Overview: This project regards dynamics, control, and robot learning techniques to both model and control a cart pole (inverted pendulum) system through the use of a simple simulated dynamics engine. The cart has a mass of 1kg and a horizontal thruster to move in the horizontal x-direction. A pole is attached to the cart with a frictionless joint. It has a mass of 0.1kg and is 1m long (and is infinitely thin).
First, the system is linearized to develop a linear controller to balance the pole in the upright, unstable equilibrium position. Next, the challenge becomes designing a trajectory and controlling the cart pole system to swing the pole from the stable downward position to the unstable upward position.

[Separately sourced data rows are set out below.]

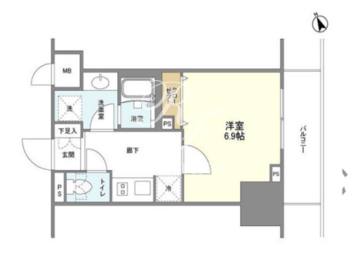 ＢＬＥＳＳ蔵前 418 間取り図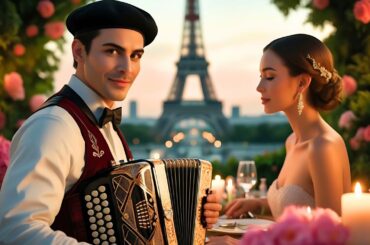 3 Hour | Accordion Soothing Romantic Music | COPYRIGHT FREE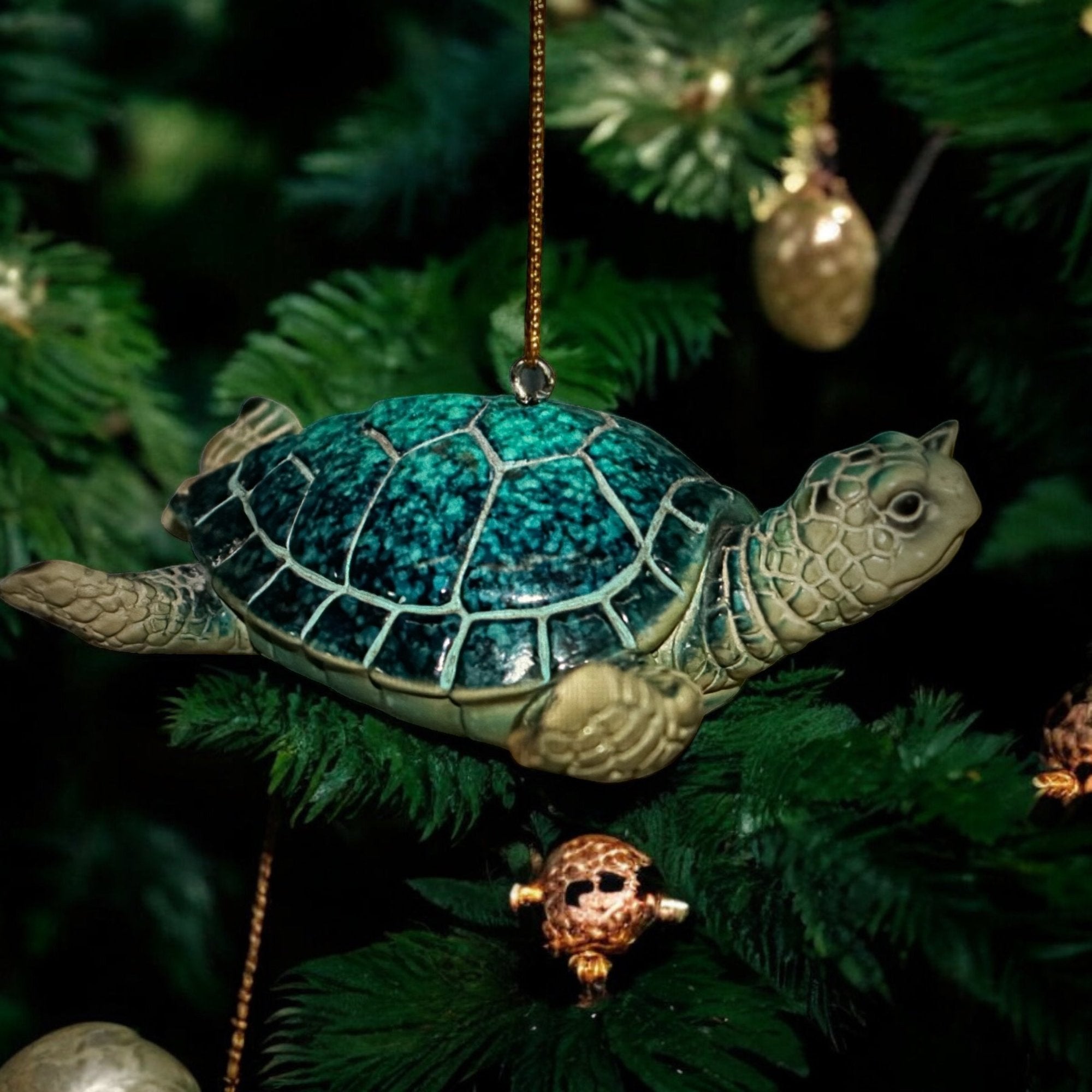 Turtle Ornament Blue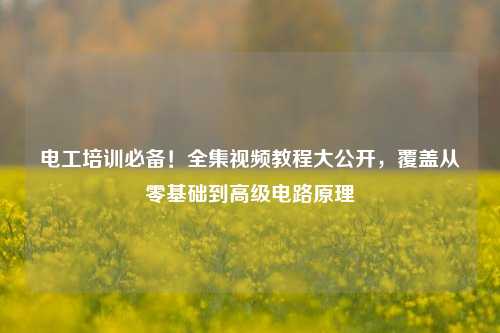 電工培訓(xùn)必備！全集視頻教程大公開，覆蓋從零基礎(chǔ)到高級電路原理-圖1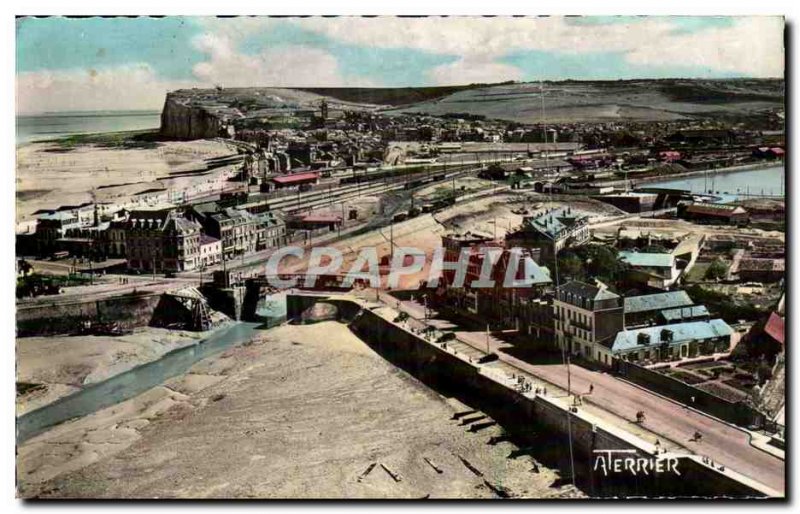 Treport - View from & # 39Egise to seas - Old Postcard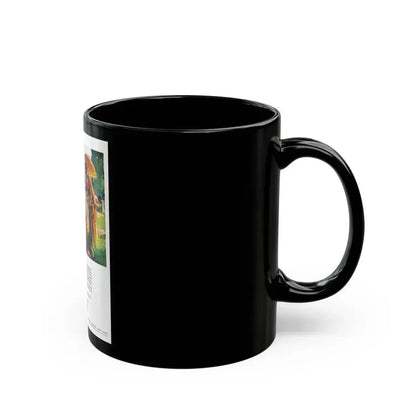Advertisement for Cheney Silks, Harper's Bazaar, April 1923 - Black Coffee Mug - Go Mug Yourself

Source Code: https://drive.google.com/open?id=0B81gni53B9VOam5idHJUcWpSWEU
The full code for the inverse dynamics can be found in inv_dyn_cartpole.m.I began by constructing a diagram of the entire cart pole system and creating a free body diagram for both the cart and the pole. This will help in finding the correct input for the symbolic dynamics program later on.
Next, I created a transformation matrix to map points and forces between the global coordinate frame (i, j) to the local pole coordinate frame (e_r, e_θ). This matrix can be seen below:
R = [-sinθ -cosθ]
[cosθ -sinθ]
Using this transformation matrix, I then define a symbolic equation for the global position of p (the location of the center of mass of the pole). Note that the variable lcm
refers to the length along the pole to the center of mass which in this case is L/2.
cmp = r12 * [lcm 0]'; % location of link COM w.r.t cart
p = [x 0]' + cmp; % global position of pole COM
Now, we can begin the symbolic differentiation! I begin by taking the symbolic derivative of the global position variable, p
, using the MATLAB function fulldiff.m (originally provided here: http://www.cs.cmu.edu/~cga/kdc/dynamics-2d/). This function ensures that the chain rule is correctly used to extract the state derivatives from the equation during the derivative.
dp = fulldiff(p, {a, da, x, dx}); % linear velocity of COM
d2p = fulldiff(dp, {a, da, x, dx}); % linear acceleration of COM
d2p = simplify(expand(d2p));
Next, we can begin the inverse dynamics process by solving for the contact force, T
, between the pole and the cart by performing a force balance on the pole.
T = mp * d2p - mp * gravity; % where gravity = [0 -g]'
With this contact force, we can now set up our first equation of motion by using Newton’s Second Law of Motion (F = ma) on the cart in the x-direction as shown below. Note: I do this in the x-direction because we are interested in the state variable x and its derivatives.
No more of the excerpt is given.